Mit Trauer und Empörung stelle ich fest, dass in Deutschland eine nach dem Nationalsozialismus unvorstellbar geglaubte Hetz- und Schmähkampagne gegen Russland von deutschen Medien und leider auch von maßgeblichen Politikern geführt wird.

Mit einer unheilvollen Mischung aus längst überwunden geglaubter Deutschtümelei, denkfaulem Untertanenjournalismus und gnadenlosem Opportunismus sollen die gut nachbarlichen Beziehungen zwischen Ihrem Volk und uns durch Misstrauen und Hass untergraben werden.

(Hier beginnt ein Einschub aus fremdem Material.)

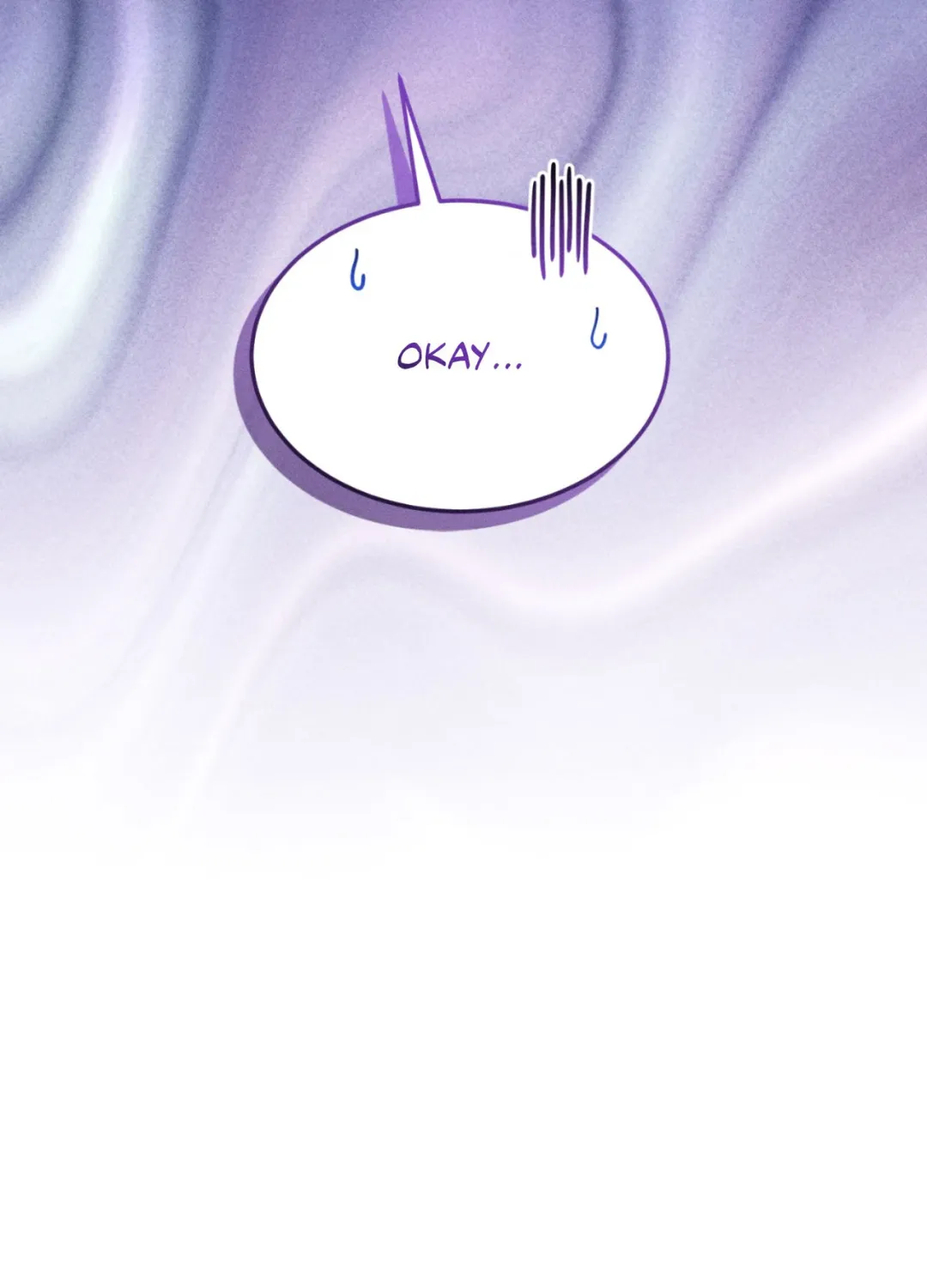 Love Junkie - Chapter 42 Page 62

Ich bitte Sie, zur Kenntnis zu nehmen, dass diese Bundeskanzlerin nicht im Namen aller deutschen Bürger spricht, und ich schäme mich für die Art und Weise, wie diese „Regierung“ die russische Politik verfälscht wiedergibt und das russische Volk herabsetzt.

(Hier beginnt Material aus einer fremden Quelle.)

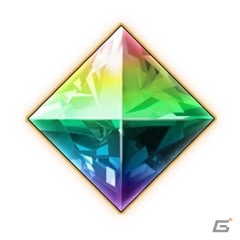 iOS/Android/PC「信長の野望 201X」貴石5個が毎日もらえる40万インストール突破記念キャンペーンが開催！TVCF映像も公開の画像2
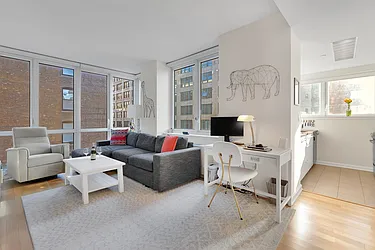 Rented by Cooper & Cooper Real Estate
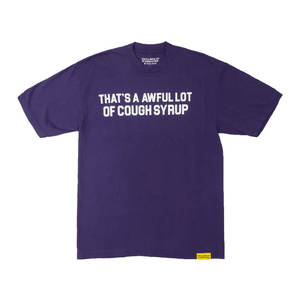 T-shirt pour homme imprimé personnalisé de haute qualité 100% coton Style décontracté Design uni avec motif Vente en gros Poids du tissu 320 grammes - Product Image 3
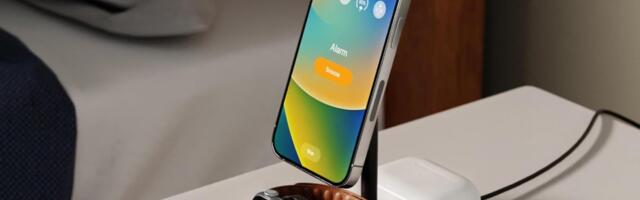 Here’s what Verge readers are buying during October Prime Day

Wir – viele Deutsche -, wissen sehr wohl, in wessen Auftrag und zu wessen Vorteil diese deutsche Politik die guten und friedlichen Beziehungen zur russischen Föderation aufs Spiel setzt und in wessen Interesse die EU und Russland gegen-einander ausgespielt werden.

Wir, die Deutschen, erinnern uns auch daran, dass im Zweiten Weltkrieg mindestens 27 Millionen Russen durch deutsche Schuld zu Tode kamen, und wir nehmen die Verantwortung ernst, die daraus für alle Zeiten entsteht.

Ich bitte das russische Volk um Verzeihung für das Unrecht und die Schäden, die durch die „Sanktionen“ entstehen, die von unserer „Regierung“ und unseren „Leitmedien“ befürwortet werden.

Wir, die weit überwiegende Mehrheit der Deutschen, wünschen uns friedliche und gut nachbarliche Beziehungen, für alle Zeit.

Wir schätzen und achten Ihr Land und wünschen ihm eine friedliche und prosperierende Zukunft.